■ **Work to complete**
Give every line of the listing word for word, beginning at the first and including the line with "Гайка колесная Dodge Ram 5.7 2018" as the last.

Material to process Start Marker

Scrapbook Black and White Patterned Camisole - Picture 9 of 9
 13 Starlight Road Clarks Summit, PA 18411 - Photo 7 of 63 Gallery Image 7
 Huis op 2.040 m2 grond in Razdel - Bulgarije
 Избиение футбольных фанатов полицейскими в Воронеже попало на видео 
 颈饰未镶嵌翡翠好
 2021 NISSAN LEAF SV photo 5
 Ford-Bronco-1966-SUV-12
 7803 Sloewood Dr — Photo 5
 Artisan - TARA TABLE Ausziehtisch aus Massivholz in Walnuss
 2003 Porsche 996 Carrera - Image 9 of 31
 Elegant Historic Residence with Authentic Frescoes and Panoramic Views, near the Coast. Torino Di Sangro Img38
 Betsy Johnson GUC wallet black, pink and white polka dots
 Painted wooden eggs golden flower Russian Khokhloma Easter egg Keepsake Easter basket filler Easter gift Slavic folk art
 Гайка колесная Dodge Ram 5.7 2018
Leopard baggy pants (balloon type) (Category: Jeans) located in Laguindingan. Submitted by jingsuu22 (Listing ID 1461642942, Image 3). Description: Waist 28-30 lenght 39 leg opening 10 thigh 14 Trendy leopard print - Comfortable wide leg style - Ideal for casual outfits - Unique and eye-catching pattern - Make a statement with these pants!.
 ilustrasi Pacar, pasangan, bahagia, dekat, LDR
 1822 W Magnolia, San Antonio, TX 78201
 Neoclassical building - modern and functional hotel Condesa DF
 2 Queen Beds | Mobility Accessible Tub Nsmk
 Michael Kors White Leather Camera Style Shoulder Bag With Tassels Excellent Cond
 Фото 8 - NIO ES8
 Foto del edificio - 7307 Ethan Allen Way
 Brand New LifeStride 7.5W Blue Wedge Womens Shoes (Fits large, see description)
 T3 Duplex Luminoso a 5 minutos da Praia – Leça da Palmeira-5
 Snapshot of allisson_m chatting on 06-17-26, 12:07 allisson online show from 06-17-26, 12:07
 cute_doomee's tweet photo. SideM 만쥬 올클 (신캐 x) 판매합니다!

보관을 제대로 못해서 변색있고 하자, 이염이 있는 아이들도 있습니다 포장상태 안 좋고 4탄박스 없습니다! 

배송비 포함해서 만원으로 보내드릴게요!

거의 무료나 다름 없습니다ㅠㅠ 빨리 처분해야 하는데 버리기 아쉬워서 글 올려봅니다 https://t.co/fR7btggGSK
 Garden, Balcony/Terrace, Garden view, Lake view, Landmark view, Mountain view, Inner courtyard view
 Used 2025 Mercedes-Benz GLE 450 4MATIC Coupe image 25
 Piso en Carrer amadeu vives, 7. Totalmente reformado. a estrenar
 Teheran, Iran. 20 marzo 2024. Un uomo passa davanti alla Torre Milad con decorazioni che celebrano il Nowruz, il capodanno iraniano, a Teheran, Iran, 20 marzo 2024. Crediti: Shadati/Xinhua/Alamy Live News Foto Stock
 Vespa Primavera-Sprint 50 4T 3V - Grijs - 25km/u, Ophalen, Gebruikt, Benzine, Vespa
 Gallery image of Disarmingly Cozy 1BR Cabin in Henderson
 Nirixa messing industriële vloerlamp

Material to process End Marker

■ **Written solution**
Scrapbook Black and White Patterned Camisole - Picture 9 of 9
 13 Starlight Road Clarks Summit, PA 18411 - Photo 7 of 63 Gallery Image 7
 Huis op 2.040 m2 grond in Razdel - Bulgarije
 Избиение футбольных фанатов полицейскими в Воронеже попало на видео 
 颈饰未镶嵌翡翠好
 2021 NISSAN LEAF SV photo 5
 Ford-Bronco-1966-SUV-12
 7803 Sloewood Dr — Photo 5
 Artisan - TARA TABLE Ausziehtisch aus Massivholz in Walnuss
 2003 Porsche 996 Carrera - Image 9 of 31
 Elegant Historic Residence with Authentic Frescoes and Panoramic Views, near the Coast. Torino Di Sangro Img38
 Betsy Johnson GUC wallet black, pink and white polka dots
 Painted wooden eggs golden flower Russian Khokhloma Easter egg Keepsake Easter basket filler Easter gift Slavic folk art
 Гайка колесная Dodge Ram 5.7 2018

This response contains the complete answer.